# Entries provided
=== Begin Enclosure ===

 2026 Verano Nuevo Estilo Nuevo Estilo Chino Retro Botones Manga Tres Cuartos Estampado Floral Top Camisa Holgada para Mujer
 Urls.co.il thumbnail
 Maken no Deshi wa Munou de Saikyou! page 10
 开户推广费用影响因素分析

=== End Enclosure ===
=== Begin Enclosure ===

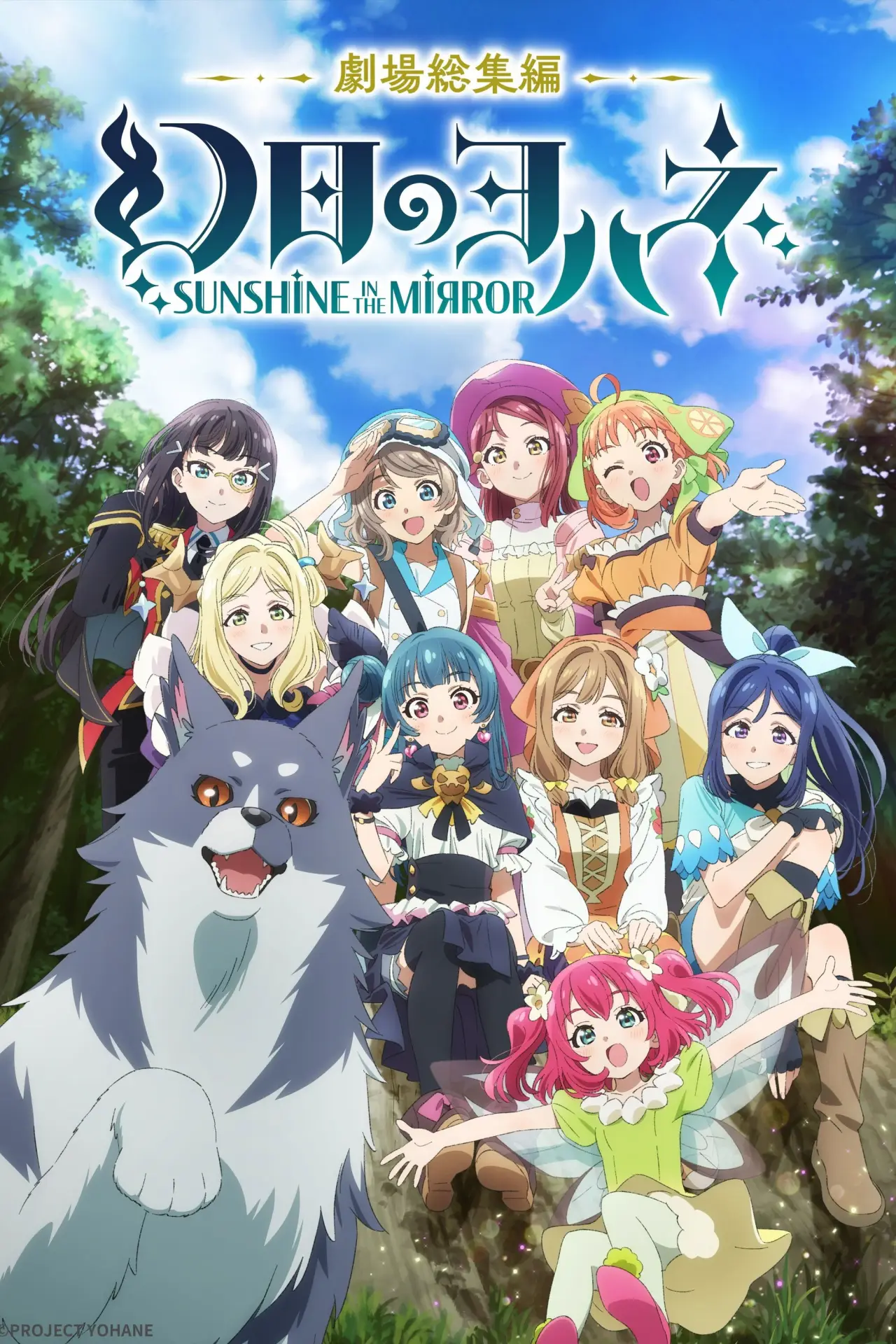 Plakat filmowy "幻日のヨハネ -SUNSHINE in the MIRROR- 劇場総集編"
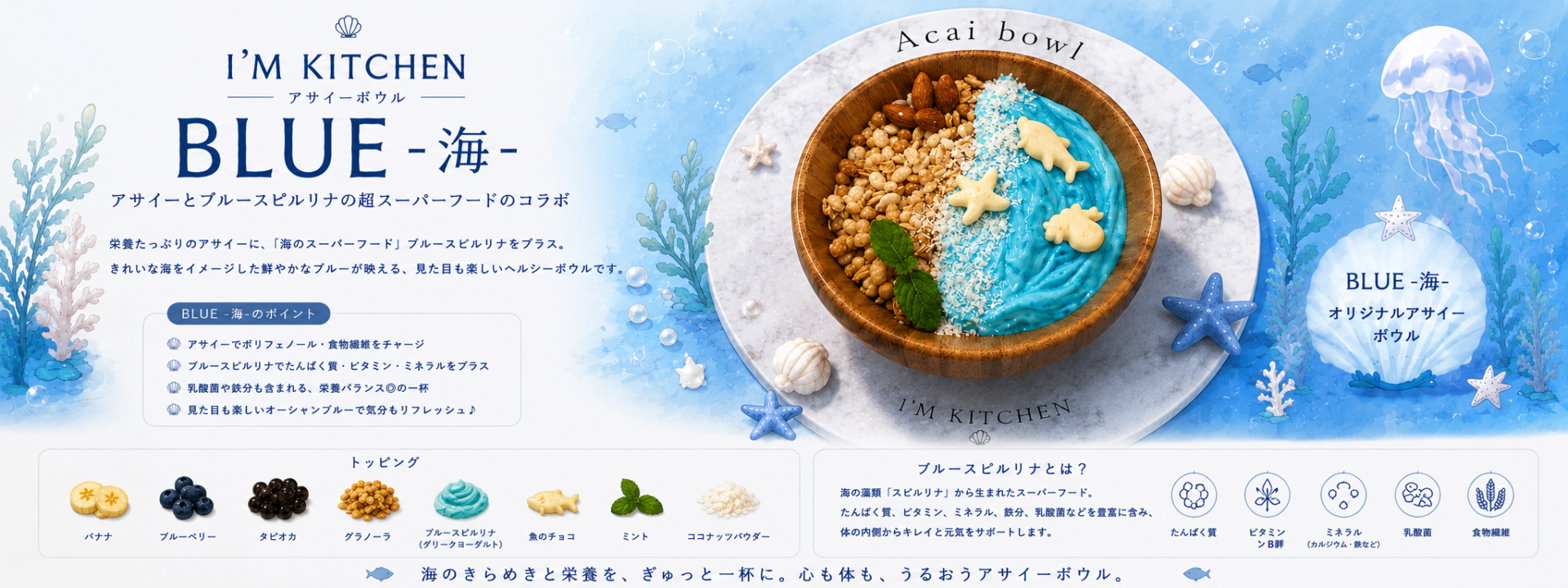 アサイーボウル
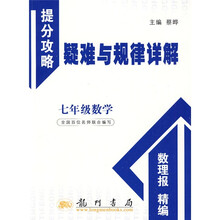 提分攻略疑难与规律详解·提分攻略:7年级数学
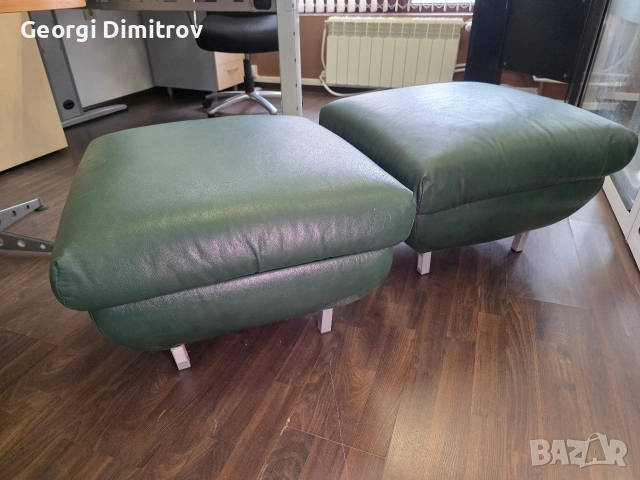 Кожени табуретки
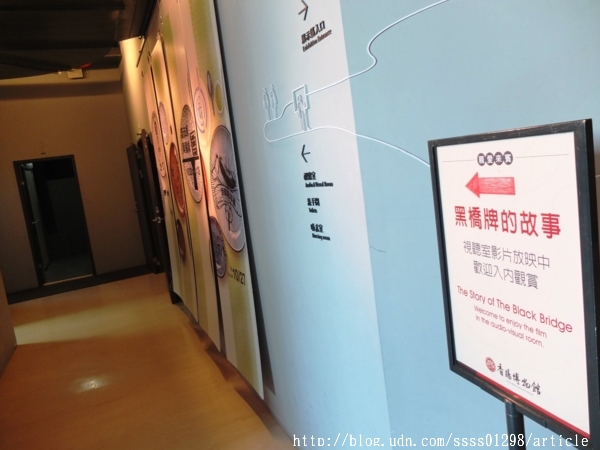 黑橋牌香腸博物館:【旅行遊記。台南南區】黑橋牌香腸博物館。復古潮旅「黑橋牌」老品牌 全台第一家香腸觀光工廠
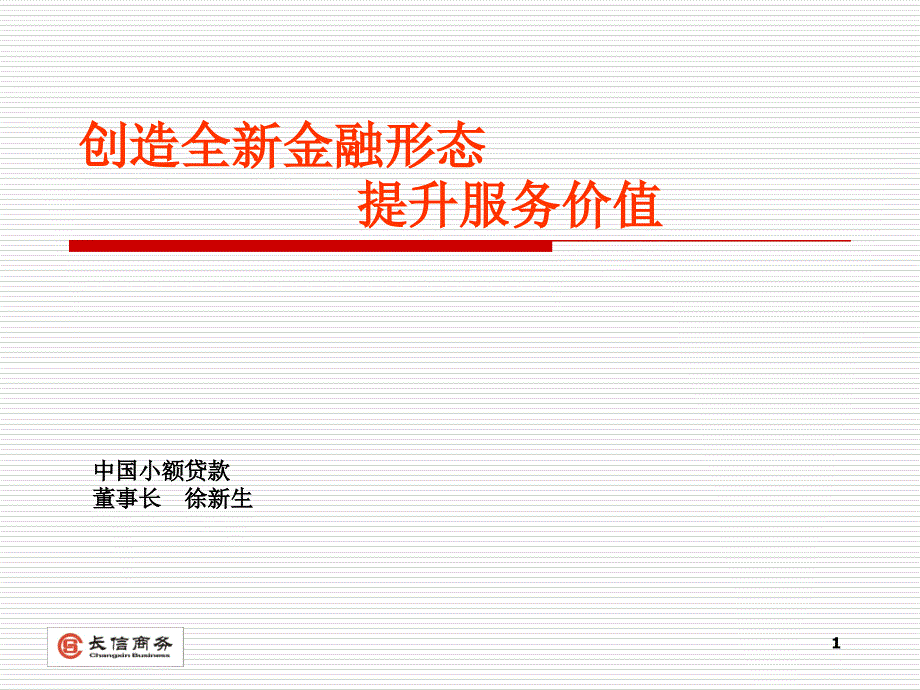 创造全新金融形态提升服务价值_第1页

=== End Enclosure ===

# About this task
From the data above, output only the lines between the line containing "2026 Verano Nuevo" and the line containing "开户推广费用影响因素分析", inclusive, exactly as written.

# Your solution
 2026 Verano Nuevo Estilo Nuevo Estilo Chino Retro Botones Manga Tres Cuartos Estampado Floral Top Camisa Holgada para Mujer
 Urls.co.il thumbnail
 Maken no Deshi wa Munou de Saikyou! page 10
 开户推广费用影响因素分析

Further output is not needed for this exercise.